**Requirement**
Write out again, word for word, the lines below from the line that holds "A white building" through the line that holds "Beachside five-bedroom villa", omitting pictures.

**Records to process**
[Start of section]

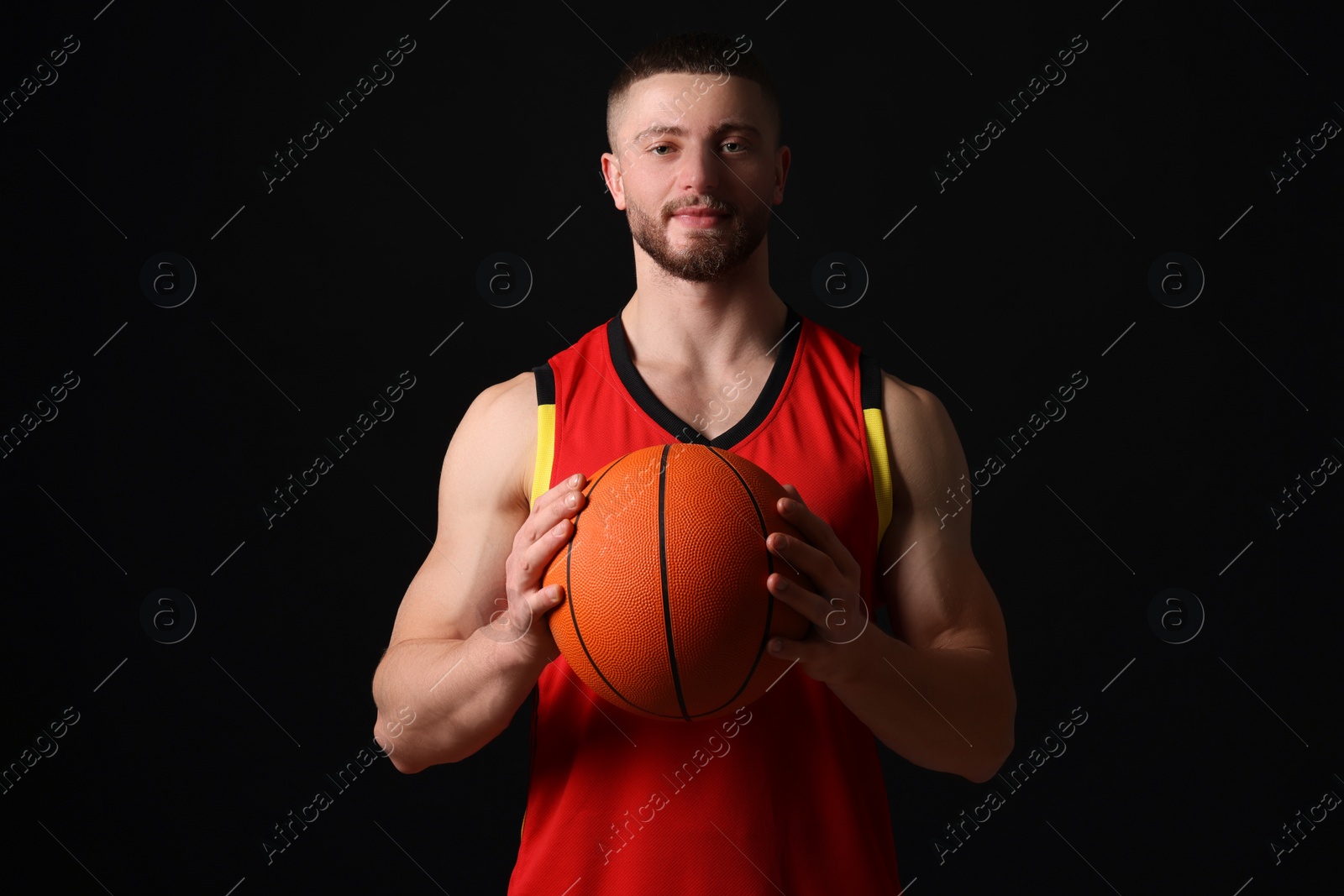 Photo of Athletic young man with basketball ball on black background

[End of section]
[Start of section]

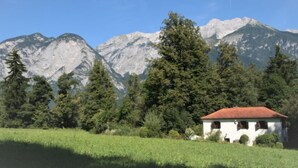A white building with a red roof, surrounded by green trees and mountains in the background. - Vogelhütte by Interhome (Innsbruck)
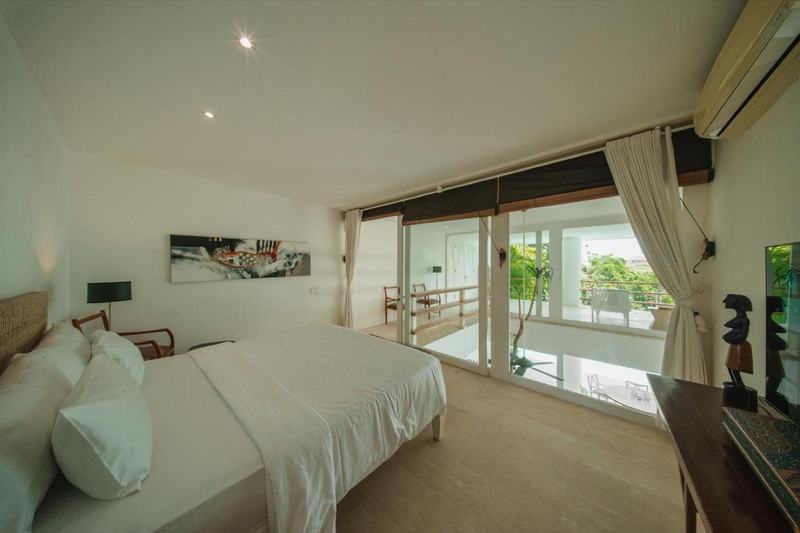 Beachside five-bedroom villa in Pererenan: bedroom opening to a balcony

[End of section]
[Start of section]

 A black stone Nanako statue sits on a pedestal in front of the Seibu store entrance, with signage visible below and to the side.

[End of section]

**Expected answer**
A white building with a red roof, surrounded by green trees and mountains in the background. - Vogelhütte by Interhome (Innsbruck)
 Beachside five-bedroom villa in Pererenan: bedroom opening to a balcony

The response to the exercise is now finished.